Regardless, the documentary provides a far better description of Hollywood than is usual. And generally, what is happening there is the same thing that is happening in the rest of the economy. It isn’t a question of the stars versus the rest. The real money in Hollywood goes to the producers; stars make most of their money by being executive producers. So again, it’s all about the workers versus the owners. In general, working actors and technicians do okay. But very few are getting rich. Luckily for them, they still have strong unions. Without them, it would be far worse—just like in the rest of the economy.
Dean Baker is probably the most insightful economic thinker in the public discourse. But there is one area where I think he is wrong. He complains that we have nothing to worry about from automation because it will make our lives better. This is in contrast to those of us who believe that robots are like other forms of capital and will be distributed the way that capital is now: unequally and unfairly.
Of course, Baker is aware of this problem. He just prefers to use the automation story to highlight other problems in our society. This morning he wrote, The Scary Robot Story Stems from Confusion by the Story Tellers. In it, he argues the real problem is not the robots, but long patents protection.
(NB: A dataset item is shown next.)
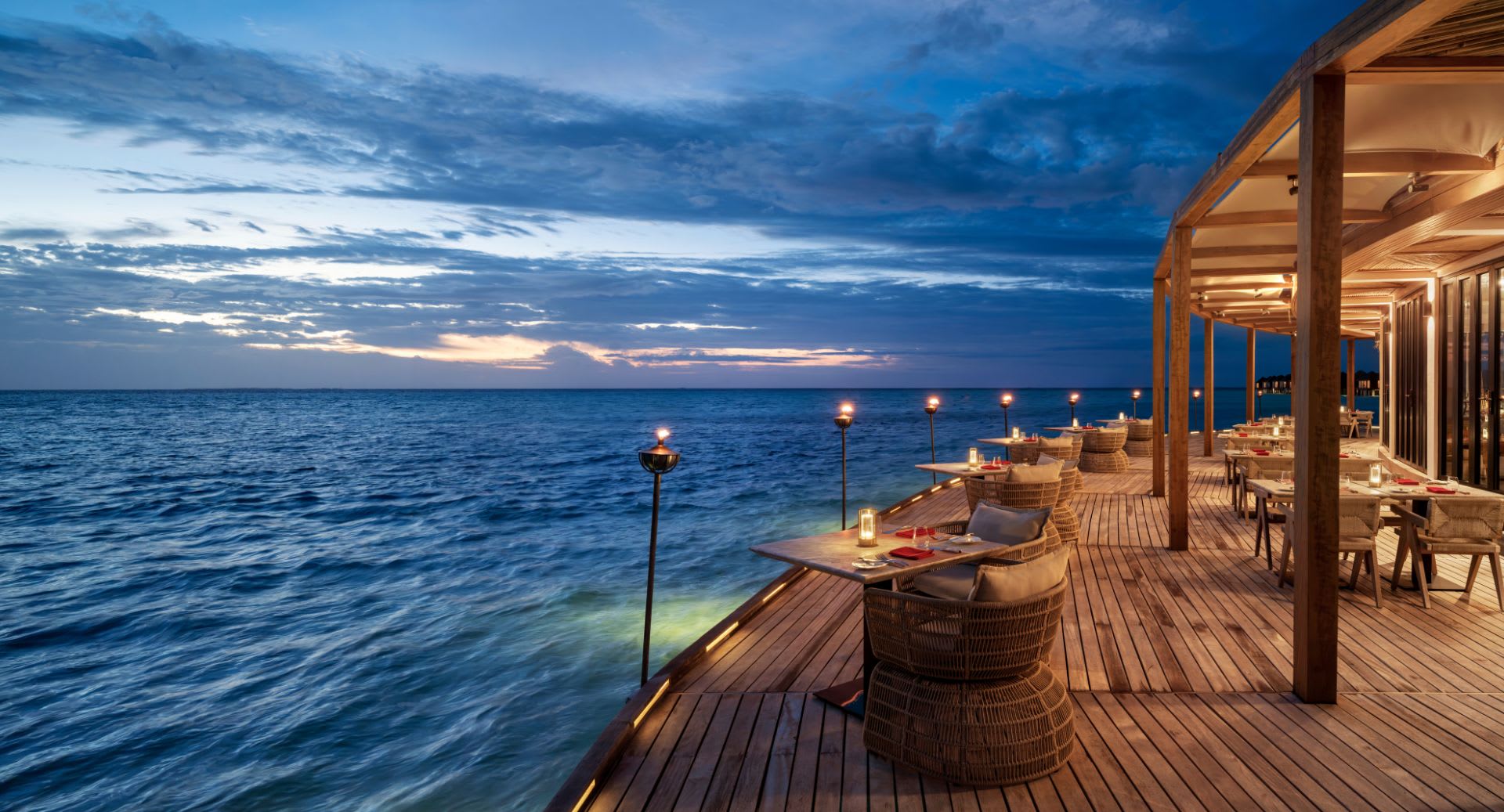 Evening deck view of the Sea Fire Salt restaurant at Anantara Dhigu Maldives Resort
In a free market, robots will be cheap. “In short, the scary story is a story of patent policy designed to redistribute income upward. It has nothing to do with technology.”
I agree. But you could say the same thing about globalization. The problem isn’t globalization, it is all those other policies designed to redistribute income upward. Our inequality problem is the result of those policies and not the broader economic trends. But given that we do have these policies, globalization is a very bad thing for most people. And robots are a real concern. As Donald Rumsfeld might say, “You lose your job to robots with the policies you have, not the policies you want.”
Baker seems to be focusing too much on the theoretical here. This is not like him. But I suspect in his mind, discussions of robots and automation are a distraction from very real problems in the economy now and going forward. The inefficiencies of our intellectual property system are a big issue to Baker. And it is a big issue to me. But the problem with robots is much deeper than patents.
The real problem is continually increasing inequality. Our broken intellectual property system is a result of that inequality. After all, we didn’t get copyright lengths that are roughly a century long because writers and software developers were demanding it. We got them because powerful rentiers didn’t want to lose their ability to charge rents on really old stuff. The biggest example of this is Disney with Mickey Mouse. So the more robots we have, the more inequality will increase. And that would just result in longer and stronger patent protections.
So I agree with Baker that robots are a second-order problem. But they are still a problem given the unequal status of people in the nation and the world. And the fact that people talk about robots is indicative of the fact that they don’t see our system changing. Unfortunately, they have good reasons for being so cynical.